Conditions, runners said, were so cold that icicles formed on backs and necks. At least 10 runners dropped out due to the weather. The only thing more improbable than running 26.2 miles in stiff winds and the freezing temperatures, it seemed, was race winner Ryan Collins.
He crossed the finish line with an icicle of sweat hanging from his chin. Someone had to tell Collins it was there because he couldn’t feel it, he said.
“For the first four or five miles my toes were numb. After that I was just aware that it was so cold. It was a factor that was constantly there that you had to deal with,” Collins, 31, of Portland said.
Maine marathoner Gary Allen, who organized the event last year as a community pride and economic development effort for the Katahdin region, estimated about 1,500 people attended. About 953 runners had pre-registered runners as of Wednesday, but some dropped out likely due to the weather, he said.
The founder and of the Mount Desert Island Marathon and a Cranberry Isles resident, Allen waived entrance fees to the Millinocket races but encouraged runners to come here and spend freely. His goal: to help the region recover from two mill closures that have devastated the region’s economy.

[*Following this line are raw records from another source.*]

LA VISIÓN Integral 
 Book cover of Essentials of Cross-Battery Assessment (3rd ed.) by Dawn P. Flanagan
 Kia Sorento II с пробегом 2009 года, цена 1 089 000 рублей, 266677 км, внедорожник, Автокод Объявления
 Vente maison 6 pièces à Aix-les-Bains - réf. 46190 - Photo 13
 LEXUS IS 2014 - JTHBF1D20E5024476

At least some racers were honoring Allen’s request. Racer Kim Jones, a 46-year-old who said she came from Chicago to participate, estimated her personal spending at about $225 as of race time. Annemarie Heisler, 46, of Portland said she spent $190. Deborah Giroux, 51, of Falmouth, Massachusetts, spent $250, and Mary Newell, 66, of New Haven, Connecticut, said she spent $200.
Those numbers gibe with figures provided by Sheila Brennan Nee, strategic director of the Maine Sports Commission. Nee said national estimates place typical, individual spending at $129 to $200 per person for an event of Millinocket’s size.
But Allen said the event really isn’t “about numbers anymore.”
“I think this is about something way bigger than numbers,” Allen said, sipping from a bottle of Samuel Adams beer after finishing the marathon. “I had a local person, an elderly gentleman, come up to me today and said, ‘Thank you so much. We feel like we can look in the mirror again thanks to you. We have suffered so much.’ Wow.”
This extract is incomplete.